Source data
________________________

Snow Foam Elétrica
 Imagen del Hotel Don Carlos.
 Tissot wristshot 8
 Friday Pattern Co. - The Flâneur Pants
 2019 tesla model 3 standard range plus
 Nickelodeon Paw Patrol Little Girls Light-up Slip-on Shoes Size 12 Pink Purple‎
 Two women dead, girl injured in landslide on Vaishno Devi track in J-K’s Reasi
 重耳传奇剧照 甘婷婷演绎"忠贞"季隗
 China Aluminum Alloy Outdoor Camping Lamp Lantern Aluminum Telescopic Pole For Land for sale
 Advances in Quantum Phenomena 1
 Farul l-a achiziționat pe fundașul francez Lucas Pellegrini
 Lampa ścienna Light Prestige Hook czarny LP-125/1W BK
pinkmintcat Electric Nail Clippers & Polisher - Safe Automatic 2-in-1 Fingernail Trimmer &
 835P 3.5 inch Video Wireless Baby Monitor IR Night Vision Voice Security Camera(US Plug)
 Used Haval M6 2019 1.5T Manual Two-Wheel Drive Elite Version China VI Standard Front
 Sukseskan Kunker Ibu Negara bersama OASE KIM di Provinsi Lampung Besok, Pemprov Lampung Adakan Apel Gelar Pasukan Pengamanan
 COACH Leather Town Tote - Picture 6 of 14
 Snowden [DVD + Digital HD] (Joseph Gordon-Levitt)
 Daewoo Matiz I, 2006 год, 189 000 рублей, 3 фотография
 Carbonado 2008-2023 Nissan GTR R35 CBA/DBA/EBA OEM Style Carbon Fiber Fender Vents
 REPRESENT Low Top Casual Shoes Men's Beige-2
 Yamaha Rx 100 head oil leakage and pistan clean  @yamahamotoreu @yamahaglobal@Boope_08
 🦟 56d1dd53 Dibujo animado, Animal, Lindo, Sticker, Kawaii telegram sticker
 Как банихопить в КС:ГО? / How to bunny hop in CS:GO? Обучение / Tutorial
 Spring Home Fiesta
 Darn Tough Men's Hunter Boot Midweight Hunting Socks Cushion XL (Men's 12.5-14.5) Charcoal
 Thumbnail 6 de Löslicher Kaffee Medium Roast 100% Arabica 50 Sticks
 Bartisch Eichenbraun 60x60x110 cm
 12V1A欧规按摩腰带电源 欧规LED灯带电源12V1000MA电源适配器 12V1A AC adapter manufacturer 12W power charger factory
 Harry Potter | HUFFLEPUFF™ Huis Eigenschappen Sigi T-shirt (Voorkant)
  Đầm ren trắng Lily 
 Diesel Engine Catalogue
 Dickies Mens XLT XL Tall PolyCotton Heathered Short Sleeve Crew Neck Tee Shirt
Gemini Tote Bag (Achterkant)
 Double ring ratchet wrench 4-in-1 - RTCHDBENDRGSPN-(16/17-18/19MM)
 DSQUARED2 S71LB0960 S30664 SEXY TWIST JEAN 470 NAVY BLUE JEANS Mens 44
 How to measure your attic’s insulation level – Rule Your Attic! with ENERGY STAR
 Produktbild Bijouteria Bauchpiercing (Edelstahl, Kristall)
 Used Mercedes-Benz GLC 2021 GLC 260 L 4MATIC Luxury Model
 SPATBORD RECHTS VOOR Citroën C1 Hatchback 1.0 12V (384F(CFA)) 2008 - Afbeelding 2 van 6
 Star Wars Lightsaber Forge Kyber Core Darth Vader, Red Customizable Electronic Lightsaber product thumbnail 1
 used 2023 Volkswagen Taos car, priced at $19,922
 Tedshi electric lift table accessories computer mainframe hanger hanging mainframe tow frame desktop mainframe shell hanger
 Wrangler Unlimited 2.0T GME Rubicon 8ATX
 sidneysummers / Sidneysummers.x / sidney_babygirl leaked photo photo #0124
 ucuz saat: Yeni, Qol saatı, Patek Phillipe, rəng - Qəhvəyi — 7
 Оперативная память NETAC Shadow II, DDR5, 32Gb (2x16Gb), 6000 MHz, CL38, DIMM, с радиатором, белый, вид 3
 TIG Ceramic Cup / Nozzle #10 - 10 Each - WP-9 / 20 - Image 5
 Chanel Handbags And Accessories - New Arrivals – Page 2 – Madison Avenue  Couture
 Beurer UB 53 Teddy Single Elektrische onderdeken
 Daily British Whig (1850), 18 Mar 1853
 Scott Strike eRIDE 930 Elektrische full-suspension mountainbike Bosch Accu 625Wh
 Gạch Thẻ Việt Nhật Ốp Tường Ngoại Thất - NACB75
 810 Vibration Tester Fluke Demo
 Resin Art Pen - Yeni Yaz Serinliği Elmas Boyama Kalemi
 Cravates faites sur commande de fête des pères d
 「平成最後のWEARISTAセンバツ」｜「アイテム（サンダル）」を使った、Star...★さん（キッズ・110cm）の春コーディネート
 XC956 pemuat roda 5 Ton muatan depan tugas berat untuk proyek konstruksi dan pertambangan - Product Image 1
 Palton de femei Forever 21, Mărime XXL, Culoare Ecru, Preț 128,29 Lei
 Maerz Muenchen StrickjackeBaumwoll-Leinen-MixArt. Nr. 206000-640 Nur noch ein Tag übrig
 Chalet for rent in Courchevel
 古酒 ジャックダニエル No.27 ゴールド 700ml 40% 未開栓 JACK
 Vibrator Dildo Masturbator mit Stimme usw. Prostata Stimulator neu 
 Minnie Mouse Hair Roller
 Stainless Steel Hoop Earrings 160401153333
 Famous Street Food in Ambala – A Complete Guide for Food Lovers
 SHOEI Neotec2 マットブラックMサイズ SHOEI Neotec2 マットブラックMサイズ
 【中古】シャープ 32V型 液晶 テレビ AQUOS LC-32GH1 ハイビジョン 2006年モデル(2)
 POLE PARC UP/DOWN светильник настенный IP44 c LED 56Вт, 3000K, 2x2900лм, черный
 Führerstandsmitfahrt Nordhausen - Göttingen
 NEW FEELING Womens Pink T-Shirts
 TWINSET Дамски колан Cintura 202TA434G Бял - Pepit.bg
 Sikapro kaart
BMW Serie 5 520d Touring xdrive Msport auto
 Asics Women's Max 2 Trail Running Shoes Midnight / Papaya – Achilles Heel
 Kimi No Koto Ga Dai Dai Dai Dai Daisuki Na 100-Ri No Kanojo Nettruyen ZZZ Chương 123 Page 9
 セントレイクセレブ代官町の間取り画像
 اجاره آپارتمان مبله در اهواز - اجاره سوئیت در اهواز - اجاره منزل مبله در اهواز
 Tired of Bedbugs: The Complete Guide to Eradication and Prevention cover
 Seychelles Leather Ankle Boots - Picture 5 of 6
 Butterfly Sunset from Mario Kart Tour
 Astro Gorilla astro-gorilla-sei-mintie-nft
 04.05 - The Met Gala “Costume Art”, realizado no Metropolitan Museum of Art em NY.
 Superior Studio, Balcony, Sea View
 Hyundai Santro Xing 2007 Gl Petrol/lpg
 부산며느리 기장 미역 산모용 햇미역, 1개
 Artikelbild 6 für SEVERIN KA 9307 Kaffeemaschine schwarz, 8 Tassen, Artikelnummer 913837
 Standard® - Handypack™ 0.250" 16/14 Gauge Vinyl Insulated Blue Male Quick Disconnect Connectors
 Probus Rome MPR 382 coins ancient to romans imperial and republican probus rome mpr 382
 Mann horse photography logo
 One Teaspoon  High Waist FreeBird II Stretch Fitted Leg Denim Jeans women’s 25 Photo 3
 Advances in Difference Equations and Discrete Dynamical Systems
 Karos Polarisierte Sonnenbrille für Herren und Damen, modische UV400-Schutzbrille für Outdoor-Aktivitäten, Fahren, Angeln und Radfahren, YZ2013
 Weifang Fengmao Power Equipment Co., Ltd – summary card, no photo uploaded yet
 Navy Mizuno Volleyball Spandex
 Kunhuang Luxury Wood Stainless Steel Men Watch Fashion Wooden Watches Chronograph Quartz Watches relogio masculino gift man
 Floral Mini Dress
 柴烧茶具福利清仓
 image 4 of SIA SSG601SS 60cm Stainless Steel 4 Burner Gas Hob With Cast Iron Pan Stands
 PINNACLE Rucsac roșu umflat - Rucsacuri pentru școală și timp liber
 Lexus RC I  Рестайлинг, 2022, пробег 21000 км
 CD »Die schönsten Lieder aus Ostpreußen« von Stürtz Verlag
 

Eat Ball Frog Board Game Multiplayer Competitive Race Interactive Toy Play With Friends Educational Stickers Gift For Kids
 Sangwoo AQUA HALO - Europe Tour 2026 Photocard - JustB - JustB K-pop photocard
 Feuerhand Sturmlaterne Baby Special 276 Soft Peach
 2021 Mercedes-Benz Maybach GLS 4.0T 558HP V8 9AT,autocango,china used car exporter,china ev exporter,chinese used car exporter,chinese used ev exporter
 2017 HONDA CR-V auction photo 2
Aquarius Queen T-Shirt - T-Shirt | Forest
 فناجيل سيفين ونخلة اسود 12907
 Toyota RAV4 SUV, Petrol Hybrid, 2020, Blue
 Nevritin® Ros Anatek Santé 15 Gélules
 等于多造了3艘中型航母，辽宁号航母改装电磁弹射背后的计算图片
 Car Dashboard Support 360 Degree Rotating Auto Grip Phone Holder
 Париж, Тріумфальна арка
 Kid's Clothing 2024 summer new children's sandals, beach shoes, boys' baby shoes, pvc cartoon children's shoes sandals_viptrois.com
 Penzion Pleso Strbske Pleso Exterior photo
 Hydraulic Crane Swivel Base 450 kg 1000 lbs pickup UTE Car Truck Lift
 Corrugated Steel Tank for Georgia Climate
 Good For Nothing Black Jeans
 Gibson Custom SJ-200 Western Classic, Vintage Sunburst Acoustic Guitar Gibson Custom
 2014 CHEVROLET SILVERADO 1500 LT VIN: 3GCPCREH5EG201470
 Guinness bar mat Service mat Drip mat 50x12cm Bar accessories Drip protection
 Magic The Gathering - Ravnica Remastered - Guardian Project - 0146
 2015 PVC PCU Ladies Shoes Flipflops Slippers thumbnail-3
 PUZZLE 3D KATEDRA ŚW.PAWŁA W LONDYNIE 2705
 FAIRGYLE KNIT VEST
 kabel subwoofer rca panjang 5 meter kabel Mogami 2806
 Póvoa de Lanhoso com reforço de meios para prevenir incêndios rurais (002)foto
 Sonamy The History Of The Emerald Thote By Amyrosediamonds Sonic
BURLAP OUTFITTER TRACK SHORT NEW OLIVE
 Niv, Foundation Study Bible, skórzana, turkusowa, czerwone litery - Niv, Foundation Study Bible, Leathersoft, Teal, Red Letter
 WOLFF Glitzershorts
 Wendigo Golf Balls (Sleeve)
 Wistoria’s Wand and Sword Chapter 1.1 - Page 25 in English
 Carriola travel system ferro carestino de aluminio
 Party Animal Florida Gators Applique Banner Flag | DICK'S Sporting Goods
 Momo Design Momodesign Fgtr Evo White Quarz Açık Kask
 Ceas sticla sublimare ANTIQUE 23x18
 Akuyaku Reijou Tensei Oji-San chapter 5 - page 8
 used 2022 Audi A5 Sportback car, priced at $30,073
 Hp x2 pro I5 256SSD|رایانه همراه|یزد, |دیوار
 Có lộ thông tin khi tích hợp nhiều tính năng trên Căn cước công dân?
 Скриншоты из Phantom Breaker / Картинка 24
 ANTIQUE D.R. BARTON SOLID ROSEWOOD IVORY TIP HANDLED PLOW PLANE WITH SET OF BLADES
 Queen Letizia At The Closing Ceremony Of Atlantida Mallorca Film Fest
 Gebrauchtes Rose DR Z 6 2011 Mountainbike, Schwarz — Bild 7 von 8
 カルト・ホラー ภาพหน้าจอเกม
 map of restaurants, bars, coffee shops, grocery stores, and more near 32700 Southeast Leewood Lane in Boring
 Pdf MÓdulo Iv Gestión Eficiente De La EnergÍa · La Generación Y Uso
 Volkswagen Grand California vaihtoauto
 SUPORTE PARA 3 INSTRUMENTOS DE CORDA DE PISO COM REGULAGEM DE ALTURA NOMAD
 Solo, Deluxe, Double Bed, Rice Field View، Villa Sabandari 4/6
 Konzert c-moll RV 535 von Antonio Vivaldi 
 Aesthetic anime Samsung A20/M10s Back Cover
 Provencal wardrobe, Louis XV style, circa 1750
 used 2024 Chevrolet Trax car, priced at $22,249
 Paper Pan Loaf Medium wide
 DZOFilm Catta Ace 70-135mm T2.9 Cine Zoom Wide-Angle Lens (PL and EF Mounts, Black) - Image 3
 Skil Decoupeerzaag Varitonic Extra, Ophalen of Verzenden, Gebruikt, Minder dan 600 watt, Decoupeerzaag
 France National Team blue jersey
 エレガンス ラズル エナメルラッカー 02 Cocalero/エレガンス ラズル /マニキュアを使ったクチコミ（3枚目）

________________________

What is required
Look at the material above and copy, word for word, its lines from the first through the one containing "pinkmintcat Electric Nail".

Output below
Snow Foam Elétrica
 Imagen del Hotel Don Carlos.
 Tissot wristshot 8
 Friday Pattern Co. - The Flâneur Pants
 2019 tesla model 3 standard range plus
 Nickelodeon Paw Patrol Little Girls Light-up Slip-on Shoes Size 12 Pink Purple‎
 Two women dead, girl injured in landslide on Vaishno Devi track in J-K’s Reasi
 重耳传奇剧照 甘婷婷演绎"忠贞"季隗
 China Aluminum Alloy Outdoor Camping Lamp Lantern Aluminum Telescopic Pole For Land for sale
 Advances in Quantum Phenomena 1
 Farul l-a achiziționat pe fundașul francez Lucas Pellegrini
 Lampa ścienna Light Prestige Hook czarny LP-125/1W BK
pinkmintcat Electric Nail Clippers & Polisher - Safe Automatic 2-in-1 Fingernail Trimmer &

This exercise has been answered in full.